Two large chandeliers hung from the gilded and vaulted ceiling of the green and gold themed Louis XVI Dining Room. Brass sconces were built in between the windows. A gilded and vaulted ceiling, and a repeating green and gold theme drew on the style of the Main Lobby.
Another eating area was the Dutch Room (or German Grill). It was noted for its enormous red brick supports which supported the heavy-beamed and paneled ceilings. The room was furnished with wooden and leather chairs and had blue tiled walls and terra cotta tiled floors. It was here that electric grilling started in Chicago.

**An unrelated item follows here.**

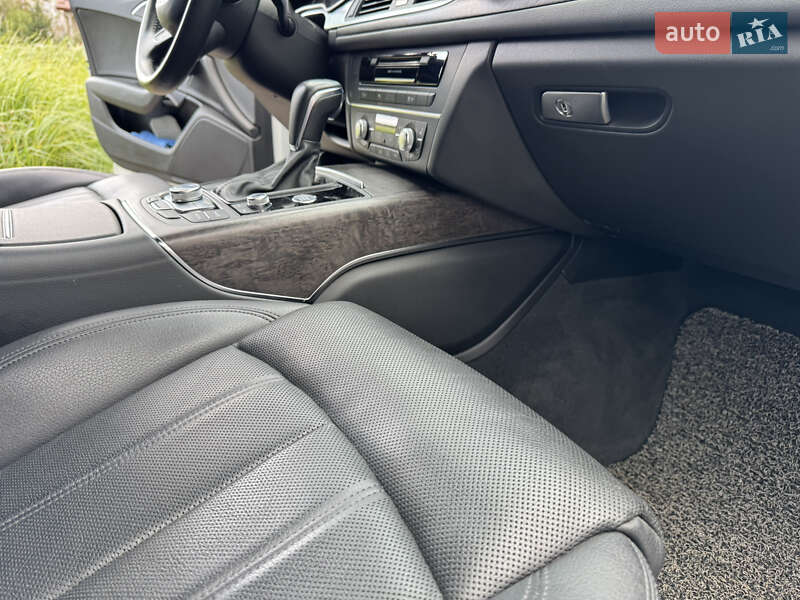 Седан Audi A6 2018 в Львові
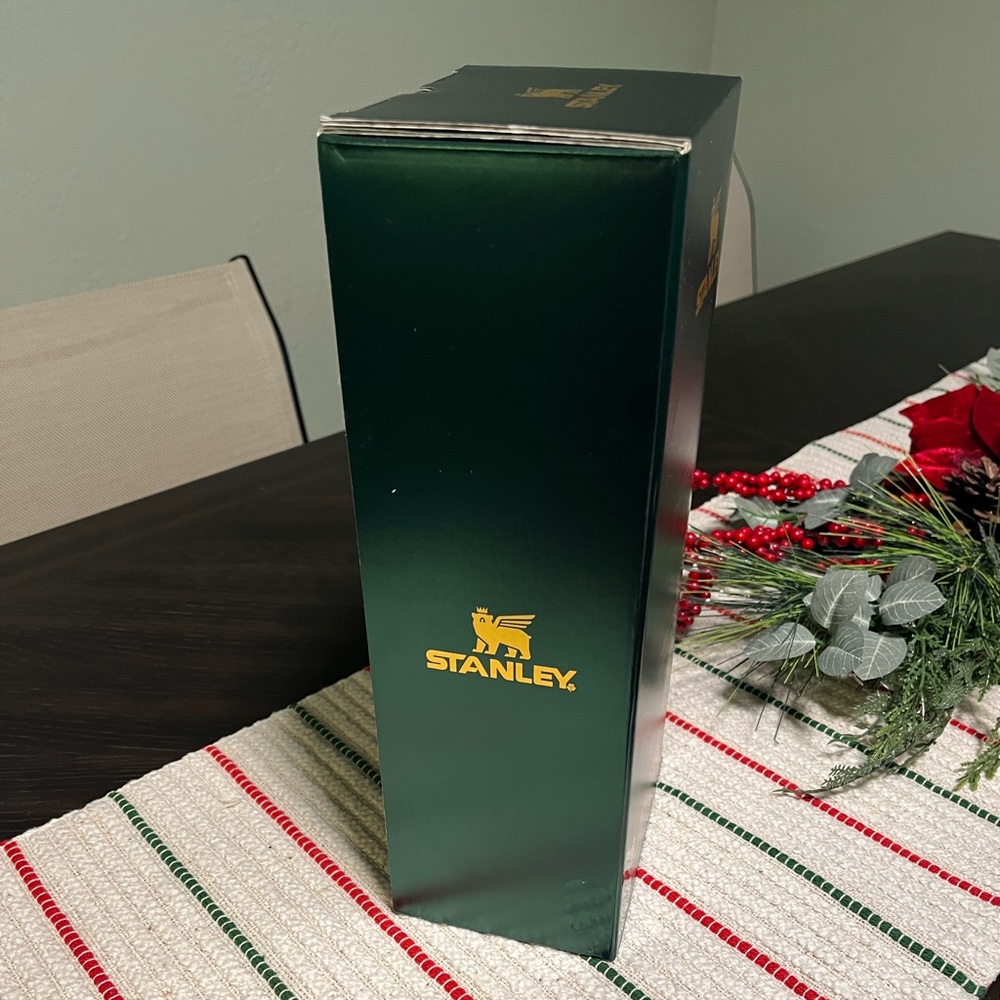 Stanley The St. Patrick's Day Flowstate Quencher 40oz Tumbler - Picture 8 of 9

Considered by some to be Chicago's most beautiful hotel dining room, the Palm Room featured an Italian fountain after a model by Donatello as its centerpiece. It was built of cream-colored stone, Rookwood tile, and gray terra cotta, while featuring high-beamed ceilings.
The ambiguously named Buffet was actually the hotel's bar. It was decorated in the style of a medieval castle with heavy beams, paneled ceilings, and wooden booths. There were murals, lead glass windows, and metal chandeliers.
The ballroom was designed with arched windows and vaulted ceilings. These were painted trims of blue, gold and green. The curtains and chairs were accented with red velvet. Large chandeliers provided light.
Accessed from a double-loaded corridor, Floors 2 through 18 were sleeping rooms, arranged in a square doughnut formation. A central light well was built into the hotel, extending from the lobby to the top of the building. They were designed as suites of paired rooms, each with its own bathroom.
Large enough to accommodate a grand piano, the Presidential Suite featured a white marble fireplace.
On June 5, 1946, a fire broke out in the hotel, killing 61 people, many of them children. Among the dead included a battalion chief of the Chicago Fire Department. The fire began in the Silver Grill Cocktail Lounge on the lower floor on the La Salle Street side adjacent to the lobby before ascending stairwells and shafts The fire started either in the walls or in the ceiling according to the Chicago Fire Department around 12:15 a.m. but they did not receive their first notification of the fire until 12:35 a.m. The fire quickly spread through the highly-varnished wood paneling in the lounge and the mezzanine balcony overlooking the lobby. While a significant number died from flames, a greater number of deaths were caused by suffocation from the thick, black smoke. Around 900 guests were able to leave the building but some 150 had to be rescued by the fire services and by heroic members of the public, including two sailors who were reported to have rescued 27 people between them. Two-thirds of hotel fire deaths in 1946 occurred in the La Salle and Winecoff (Atlanta) fires. The hotel fire was so devastating, it resulted in the Chicago city council enacting new hotel building codes and fire-fighting procedures, including the installation of automatic alarm systems and instructions of fire safety inside the hotel rooms.